*** Information ***

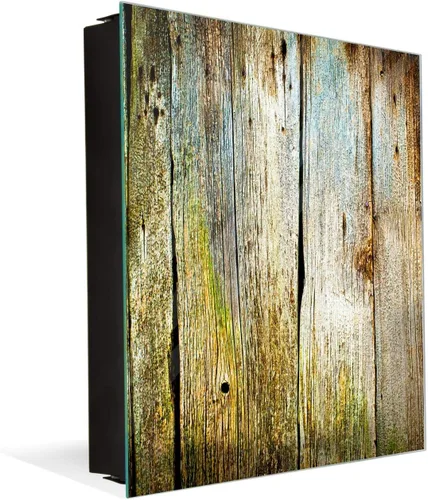 Vista 47 de Concept Crystal Gabinete decorativo de almacenamiento de llaves con tablero blanco de vidrio K10A: pestillo antiguo sin entrada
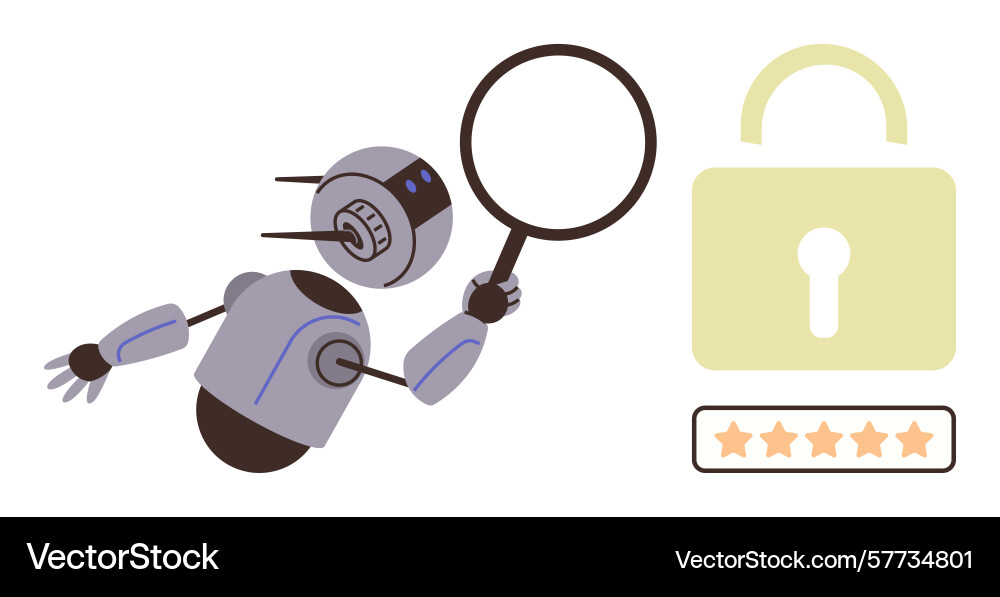 Robot analyzing security with magnifying glass vector image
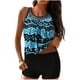thumbnail image 1 of Trajes de baño bandeau de dos piezas para mujer Camiseta sin mangas de ajuste holgado con pantalones cortos Pompotops  ulkah937329, 1 of 9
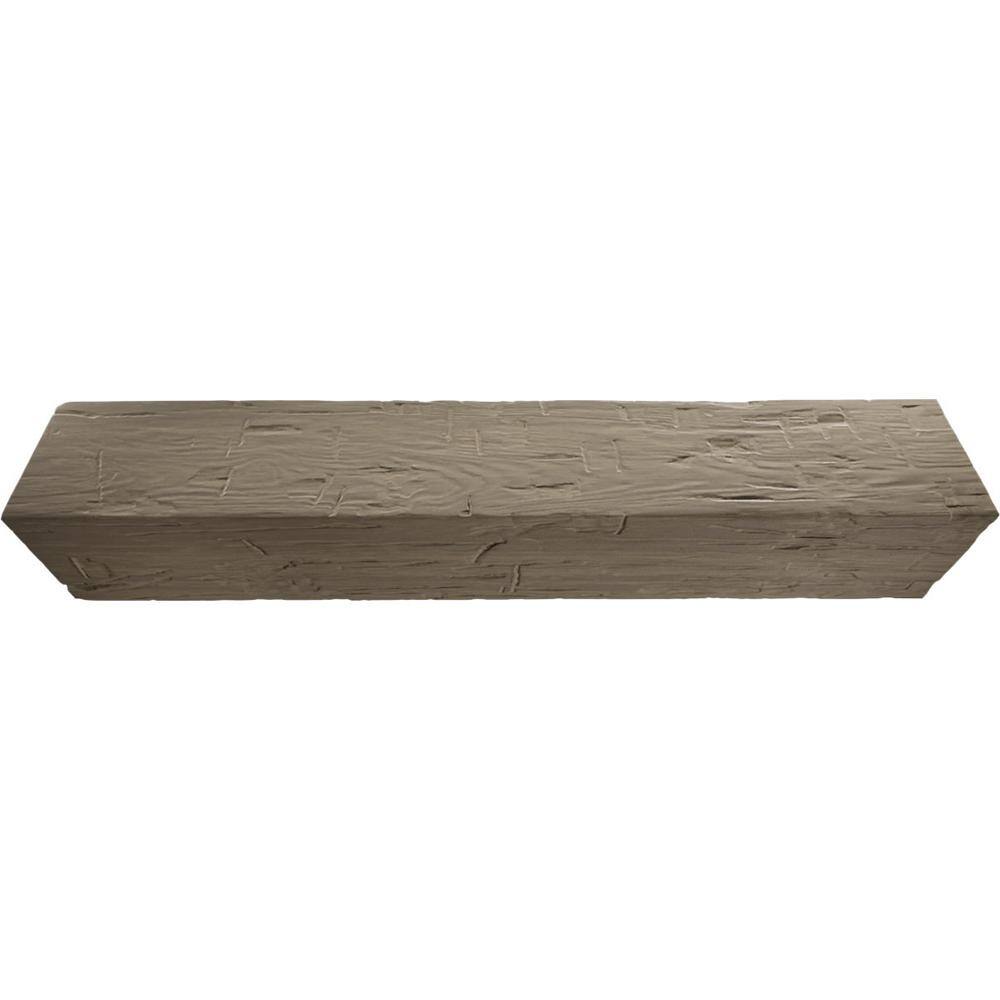 Rustic Taupe Hand Hewn Faux Wood Ceiling Beam, 12' L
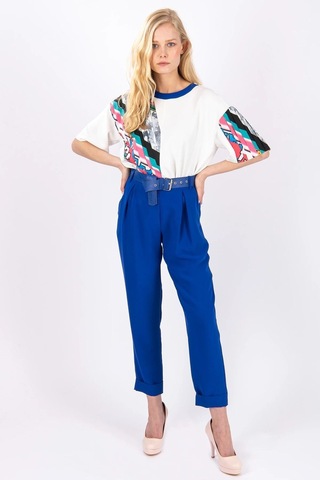 Kadın Asimetrik Desenli Kısa Kollu Bluz Frn1006 Mavi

*** End of Information ***

From the line holding "thumbnail image 1" down to the final line of the entries above, print every line exactly. Pictures do not go in.

thumbnail image 1 of Trajes de baño bandeau de dos piezas para mujer Camiseta sin mangas de ajuste holgado con pantalones cortos Pompotops  ulkah937329, 1 of 9
 Rustic Taupe Hand Hewn Faux Wood Ceiling Beam, 12' L
 Kadın Asimetrik Desenli Kısa Kollu Bluz Frn1006 Mavi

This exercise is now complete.